**INPUT DATA**
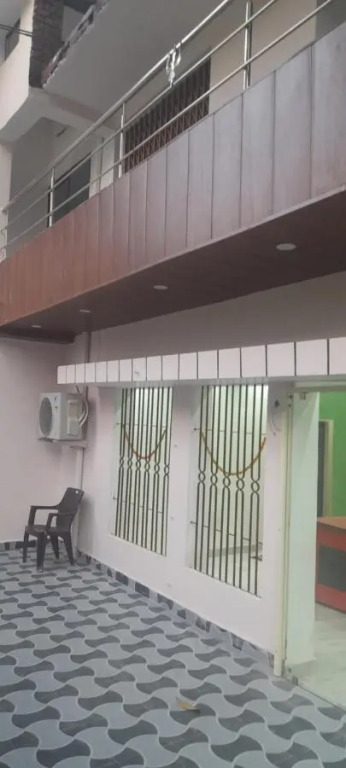 Banaras Residency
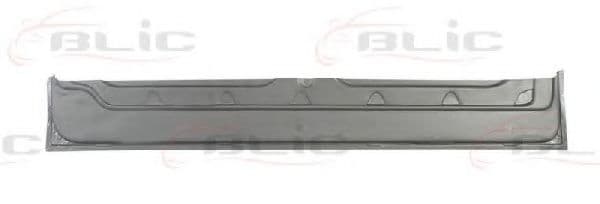 6508-01-2092172P BLIC Двері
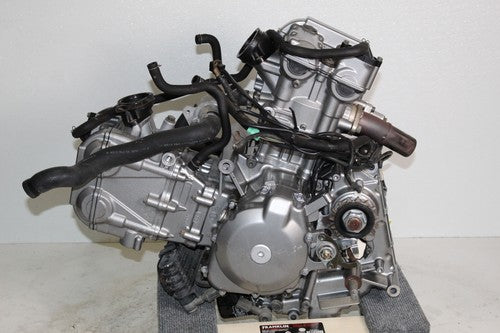 03-09 2005 Suzuki SV650S ENGINE MOTOR 10k Miles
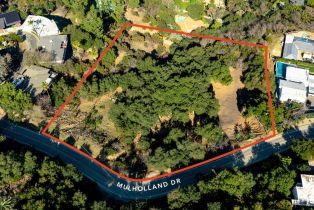 , 7831 Mulholland, Studio City, CA 90046 - 3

**TASK**
Without the pictures, write out every line above exactly as it appears.

**SOLUTION BELOW**
 Banaras Residency
 6508-01-2092172P BLIC Двері
 03-09 2005 Suzuki SV650S ENGINE MOTOR 10k Miles
 , 7831 Mulholland, Studio City, CA 90046 - 3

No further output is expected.